Projecto de Lei n.º 102/XVII/1.ª
Pela inclusão de um representante do sector da rádio na secção dos direitos
de autor e direitos conexos do Conselho Nacional de Cultura
Exposição de motivos
De acordo com os dados de um estudo da Marktest, divulgado em maio de 2024, a média de
escuta de rádio dos portugueses situou-se nas 14 horas por semana. De resto, um outro estudo
referente ao primeiro semestre de 2024, diz -nos que terão sido mais de 8,5 milhões os
portugueses a contribuir para os números de consumo de rádio registados em Portugal.
Não obstante a importância da rádio na vida dos portugueses, a verdade é que nem sempre essa
importância é reconhecida pela legislação em vigor.
Um dos casos em que isso sucede é o facto de o Decreto -Lei n.º 132/2012, de 2 7 de junho,
continuar a não prever a representação das associações representativas do sector da rádio na
secção dos direitos de autor e direitos conexos do Conselho Nacional de Cultura, não obstante
de, em 2017, a Resolução da Assembleia da República n.º 184/2017, aprovada por unanimidade
ter recomendado ao Governo uma alteração desta composição.
Desta forma e procurando pôr termo a situações em que a valorização do sector da rádio não
está plenamente assegurada pela legislação em vigor, com a presente inic iativa o PAN propõe
uma alteração no âmbito do Decreto-Lei n.º 132/2012, de 27 de junho, no sentido de garantir a
inclusão de um representante das associações representativas do sector da rádio na secção dos
direitos de autor e direitos conexos do Conselho Nacional de Cultura. Aproveita -se a
oportunidade para suprimir a representação do Gabinete para os Meios de Comunicação Social
que já não existe e para retirar a representação do Ministério da Justiçavisto que atualmente o
registo dos meios de comunicação social está atribuído à ERC (e não ao Ministério da Justiça) –
propondo-se que essa representação passe a ser conferida à entidade com competências no
domínio do registo de meios de comunicação social. Na já referida Deliberação ERC/2022/302,
de 2022, a Entidade Reguladora para a Comunicação Social qualificou como “muito positiva”.
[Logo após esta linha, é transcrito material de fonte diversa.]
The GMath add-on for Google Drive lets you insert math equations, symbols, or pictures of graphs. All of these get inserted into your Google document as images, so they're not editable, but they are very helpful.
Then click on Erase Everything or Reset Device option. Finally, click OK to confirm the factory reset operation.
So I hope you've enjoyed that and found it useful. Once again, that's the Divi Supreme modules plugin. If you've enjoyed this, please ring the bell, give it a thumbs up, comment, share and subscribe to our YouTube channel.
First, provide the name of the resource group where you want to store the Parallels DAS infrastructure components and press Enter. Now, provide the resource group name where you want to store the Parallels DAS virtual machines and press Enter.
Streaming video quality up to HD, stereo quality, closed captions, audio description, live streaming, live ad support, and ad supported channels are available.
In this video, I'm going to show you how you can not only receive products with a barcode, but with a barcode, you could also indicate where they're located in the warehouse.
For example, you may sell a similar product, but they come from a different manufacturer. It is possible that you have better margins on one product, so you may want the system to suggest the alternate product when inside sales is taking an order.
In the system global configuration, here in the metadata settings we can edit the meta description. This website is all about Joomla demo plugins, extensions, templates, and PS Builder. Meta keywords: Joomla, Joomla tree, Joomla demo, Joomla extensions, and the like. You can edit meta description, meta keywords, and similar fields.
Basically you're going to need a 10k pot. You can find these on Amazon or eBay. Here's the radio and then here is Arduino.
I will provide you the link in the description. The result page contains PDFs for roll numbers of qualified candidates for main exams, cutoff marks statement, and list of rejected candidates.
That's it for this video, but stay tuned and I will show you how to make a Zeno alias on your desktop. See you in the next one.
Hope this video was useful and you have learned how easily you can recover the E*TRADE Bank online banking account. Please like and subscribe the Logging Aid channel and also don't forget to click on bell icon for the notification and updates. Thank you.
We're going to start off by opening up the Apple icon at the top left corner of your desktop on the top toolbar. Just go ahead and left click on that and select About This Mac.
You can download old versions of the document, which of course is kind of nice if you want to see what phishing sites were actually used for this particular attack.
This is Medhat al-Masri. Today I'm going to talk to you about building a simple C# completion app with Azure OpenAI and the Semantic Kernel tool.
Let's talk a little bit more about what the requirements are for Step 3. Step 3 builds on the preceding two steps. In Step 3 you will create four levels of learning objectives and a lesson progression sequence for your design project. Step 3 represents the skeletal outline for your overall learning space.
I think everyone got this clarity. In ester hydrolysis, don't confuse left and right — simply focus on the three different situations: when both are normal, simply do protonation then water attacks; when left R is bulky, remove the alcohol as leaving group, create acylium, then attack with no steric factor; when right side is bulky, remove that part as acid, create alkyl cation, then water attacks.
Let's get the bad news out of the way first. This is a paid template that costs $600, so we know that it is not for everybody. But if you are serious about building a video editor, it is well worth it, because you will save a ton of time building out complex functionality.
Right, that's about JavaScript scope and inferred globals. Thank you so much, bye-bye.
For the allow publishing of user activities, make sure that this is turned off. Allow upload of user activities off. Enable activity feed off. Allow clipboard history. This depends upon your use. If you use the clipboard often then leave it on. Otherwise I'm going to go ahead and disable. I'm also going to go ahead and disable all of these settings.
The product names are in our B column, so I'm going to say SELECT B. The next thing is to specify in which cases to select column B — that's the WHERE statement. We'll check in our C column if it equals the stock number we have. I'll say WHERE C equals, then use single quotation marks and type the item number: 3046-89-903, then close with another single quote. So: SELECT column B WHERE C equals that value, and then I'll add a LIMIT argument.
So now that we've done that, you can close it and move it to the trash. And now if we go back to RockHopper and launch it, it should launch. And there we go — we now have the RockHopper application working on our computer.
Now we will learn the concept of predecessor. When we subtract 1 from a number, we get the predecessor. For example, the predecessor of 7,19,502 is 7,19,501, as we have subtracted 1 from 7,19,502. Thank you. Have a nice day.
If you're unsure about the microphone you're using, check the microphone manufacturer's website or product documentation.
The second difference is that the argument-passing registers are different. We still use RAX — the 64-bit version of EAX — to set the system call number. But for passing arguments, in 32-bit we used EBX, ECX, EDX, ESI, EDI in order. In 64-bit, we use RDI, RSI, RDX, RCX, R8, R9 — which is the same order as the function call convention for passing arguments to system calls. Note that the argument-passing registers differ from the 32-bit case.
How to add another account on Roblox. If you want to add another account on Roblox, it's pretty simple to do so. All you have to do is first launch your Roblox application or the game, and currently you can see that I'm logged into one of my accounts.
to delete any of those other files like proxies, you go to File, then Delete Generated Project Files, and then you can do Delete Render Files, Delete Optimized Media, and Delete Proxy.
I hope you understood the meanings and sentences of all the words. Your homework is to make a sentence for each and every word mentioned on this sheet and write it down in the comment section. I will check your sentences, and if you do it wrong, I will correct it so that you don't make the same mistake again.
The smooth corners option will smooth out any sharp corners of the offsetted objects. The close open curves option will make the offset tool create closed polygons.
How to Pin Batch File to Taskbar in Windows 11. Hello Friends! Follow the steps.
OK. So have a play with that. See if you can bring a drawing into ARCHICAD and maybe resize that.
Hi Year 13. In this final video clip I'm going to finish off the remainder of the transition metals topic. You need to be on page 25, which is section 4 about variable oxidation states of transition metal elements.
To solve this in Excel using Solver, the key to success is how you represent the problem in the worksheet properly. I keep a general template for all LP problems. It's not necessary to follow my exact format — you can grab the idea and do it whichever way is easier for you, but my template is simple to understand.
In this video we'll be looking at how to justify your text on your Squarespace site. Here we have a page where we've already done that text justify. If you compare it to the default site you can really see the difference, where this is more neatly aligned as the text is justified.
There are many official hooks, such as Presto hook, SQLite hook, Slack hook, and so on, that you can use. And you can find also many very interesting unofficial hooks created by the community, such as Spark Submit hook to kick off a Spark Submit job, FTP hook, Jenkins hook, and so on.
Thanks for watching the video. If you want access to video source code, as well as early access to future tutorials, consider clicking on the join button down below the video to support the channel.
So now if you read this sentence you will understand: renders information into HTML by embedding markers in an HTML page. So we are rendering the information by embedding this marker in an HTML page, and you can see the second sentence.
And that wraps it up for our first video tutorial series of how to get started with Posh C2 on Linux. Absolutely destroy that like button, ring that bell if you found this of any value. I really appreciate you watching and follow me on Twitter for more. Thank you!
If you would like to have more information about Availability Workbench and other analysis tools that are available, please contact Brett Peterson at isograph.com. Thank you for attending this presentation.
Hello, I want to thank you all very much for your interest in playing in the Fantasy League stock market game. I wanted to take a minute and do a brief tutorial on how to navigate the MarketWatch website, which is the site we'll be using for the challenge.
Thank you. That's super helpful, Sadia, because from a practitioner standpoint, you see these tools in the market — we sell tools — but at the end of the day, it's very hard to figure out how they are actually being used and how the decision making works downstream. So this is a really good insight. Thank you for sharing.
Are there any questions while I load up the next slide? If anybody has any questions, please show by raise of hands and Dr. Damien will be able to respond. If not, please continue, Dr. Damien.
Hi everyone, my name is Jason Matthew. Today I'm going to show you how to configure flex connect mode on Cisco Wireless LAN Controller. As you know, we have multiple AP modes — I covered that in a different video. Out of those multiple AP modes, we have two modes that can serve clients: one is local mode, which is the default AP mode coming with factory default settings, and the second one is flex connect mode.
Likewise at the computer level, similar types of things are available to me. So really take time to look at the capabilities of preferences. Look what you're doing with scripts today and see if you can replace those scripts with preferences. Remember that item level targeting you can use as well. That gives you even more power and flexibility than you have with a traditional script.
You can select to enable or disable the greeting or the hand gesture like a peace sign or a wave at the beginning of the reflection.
Pelo exposto, e ao abrigo das disposições constitucionais e regimentais aplicáveis, a abaixo
assinada Deputada Única do PESSOAS-ANIMAIS-NATUREZA, apresenta o seguinte Projeto de Lei:
Artigo 1.º
Objeto
A presente lei procede à terceira alteração ao Decreto -Lei n.º 132/2013, de 13 de
setembro, alterado pelo Decreto-Lei n.º 25/2018, de 24 de abril, e pelo Decreto -Lei n.º
129/2023, de 26 de dezembro, que estabelece o regime de constituição e
funcionamento do Conselho Nacional de Cultura e das suas secções especializadas.
Artigo 2.º
Alteração ao Decreto-Lei n.º 132/2013, de 13 de setembro
É alterado o artigo 23.º do Decreto -Lei n.º 132/2013, de 13 de setembro, que passa a
ter a seguinte redação:
«Artigo 23.º
[…]
1 - […]:
a) […];
b) […];
c) Revogado.
d) […];
e) Por um representante da entidade com competências no domínio do registo de
meios de comunicação social;
f) […];
g) […];
h) […];
i) […];
j) […];
k) Por um representante indicado pelas Associações representativas do sector da
rádio.
2 - […]:
a) […];
b) […];
c) […];
d) […];
e) […].»
Artigo 3.º
Norma revogatória
É revogado o disposto na alínea c), do número 1, do artigo 23.º do Decreto -Lei n.º
132/2013, de 13 de setembro.
Artigo 4.º
Entrada em vigor
A presente lei entra em vigor no dia seguinte ao da sua publicação.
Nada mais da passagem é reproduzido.